- Genre: drama mystery
- Created by: Denis McGrath Robert Wertheimer
- Written by: Jocelyn Cornforth Denis McGrath Robert Wertheimer
- Directed by: Michael DeCarlo
- Starring: Sasha Roiz David Fox Anne Openshaw Joe Pingue Howard Jerome Matthew Deslippe Raven Dauda Charlotte Sullivan
- Composers: Kim Nelles Lou Pomanti
- Country of origin: Canada
- Original language: English
- No. of seasons: 1
- No. of episodes: 6

Production
- Producers: Wanda Chaffey David Devine Bryn Garrison Denis McGrath Richard Mozer Robert Wertheimer
- Running time: 48 minutes

Original release
- Network: Citytv
- Release: November 22 – December 27, 2007

= Across the River to Motor City =

Across the River to Motor City is a Canadian television drama series, that aired on Citytv stations. It debuted November 22, 2007. The series is about an insurance investigator named Ben Ford who works the border in both Detroit and Windsor. The story takes into account the shifting allegiances and ambitions that straddle the Detroit/Windsor boundary, an urban portion of the Canada/United States border.
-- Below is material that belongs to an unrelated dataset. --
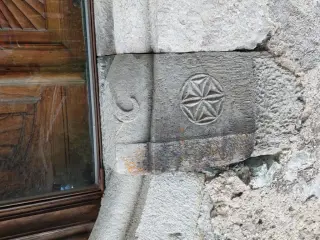 Sculture portale laterale - Chiesa di Santa Maria Assunta a SampeyreFrazione Villar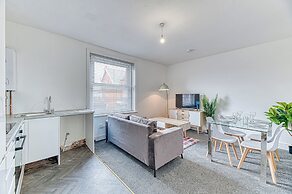 Double Bed Apts Fairhaven View by Guestz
Benjamin Ford's 30th birthday happens to fall on a fateful day: November 22, 1963, the day of the Kennedy assassination. Coincidentally, it is also the day that his flight attendant girlfriend, Katie, disappears on a flight back from Dallas.

The mystery of what happened to her, and why, consumes the life of Ben Ford; it eventually involves his adult daughter, Kathleen, when Katie's body turns up 40 years later. Family mysteries and intrigue play out against a backdrop of some of the more momentous events of recent American and Canadian history.

The six-episode series was shot in Canada in the Ontario cities of Hamilton, Toronto, and Windsor, as well as in the United States in the Michigan city of Detroit.

In April, 2008, Across The River To Motor City won a Canadian Screenwriting Award for Best Dramatic Writing for Denis McGrath and Robert Wertheimer.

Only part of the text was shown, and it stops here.